Hungary 'Can't Accept' Current EU Budget Proposal

Gergely Gulyas, Hungarian Prime Minister Viktor Orban's chief of staff, speaks during an interview in his office in Budapest on September 16, 2019.

The European Union's next budget and its massive pandemic relief fund cannot come into force without Hungary's approval and Budapest cannot accept it in its proposed form, which ties the disbursal to observing the rule of law in member countries, Prime Minister Viktor Orban's chief of staff has said.

Poland and Hungary are blocking about 1.8 trillion euros ($2.2 trillion) worth of EU funds, including hundreds of billions due to be disbursed soon to help pull the 27-country bloc out of a double-dip recession caused by a second surge in coronavirus infections.

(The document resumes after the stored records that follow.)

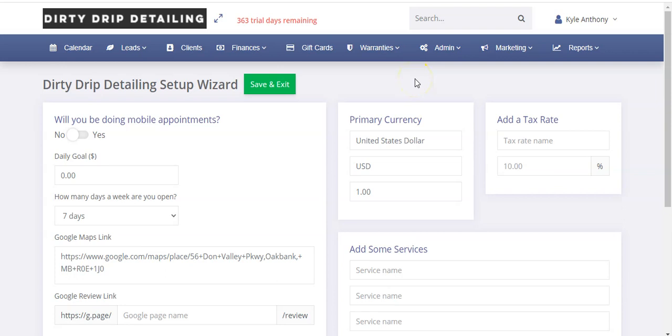Congratulations on taking the next step towards making your detailing, tinting or wrap business efficient, streamlined and optimized so that you can have the greatest success ever. Now let's dive in.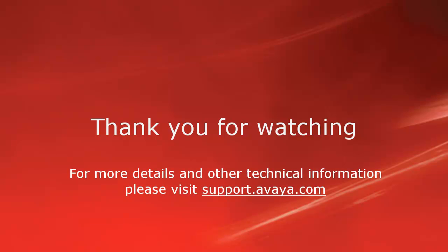For more details or related information, please visit support.avaya.com. Thank you for choosing Avaya.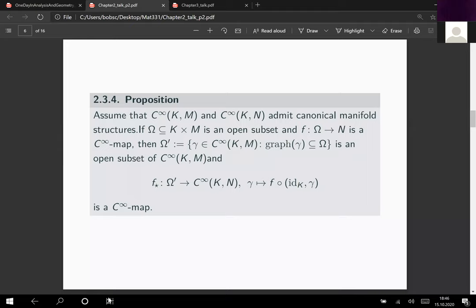K is always a compact manifold. On this open subset omega-prime we can define the mapping f-box, which sends a mapping gamma to f composed with the identity map in the first component and gamma in the second component. We want to show this is a smooth mapping. Since there is a naming conflict with the push-forward notation, we call this map f-box for now: it maps from omega-prime with values in the C-infinity functions from K to N, sending gamma to f composed with (id_K, gamma).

Both countries are under EU investigation for undermining the independence of the judiciary, media, and nongovernmental organizations, and risk losing access to tens of billions of euros because of the newly introduced rule-of-law clause.

"There will not be an agreement" if the present EU proposal linking access to money to a clause on respecting the rule of law is maintained, Gergely Gulyas said on December 3.

"In its present form we cannot accept the EU budget, and every member state has the right of veto," Gulyas told a weekly government briefing.

However, Gulyas said that Hungary was still open to further negotiations.

In a related development, Arancha Gonzalez Laya, the foreign minister of fellow EU member Spain, warned Poland and Hungary that they should behave responsibly and reach an agreement on the EU budget and recovery fund.

"Spain wants Poland, Hungary to behave responsibly on EU rescue funds," Gonzalez Laya told Bloomberg TV on December 3, adding that both countries had a responsibility toward their own citizens and firms that need the recovery money.

Orban and his Polish counterpart, Mateusz Morawiecki, signed a joint declaration last month pledging to support each other in blocking the EU's next budget and pandemic relief fund because of the proposed rule-of-law mechanism.

Orban and Morawiecki said after signing the declaration in Budapest on November 26 that the mechanism risked derailing the bloc.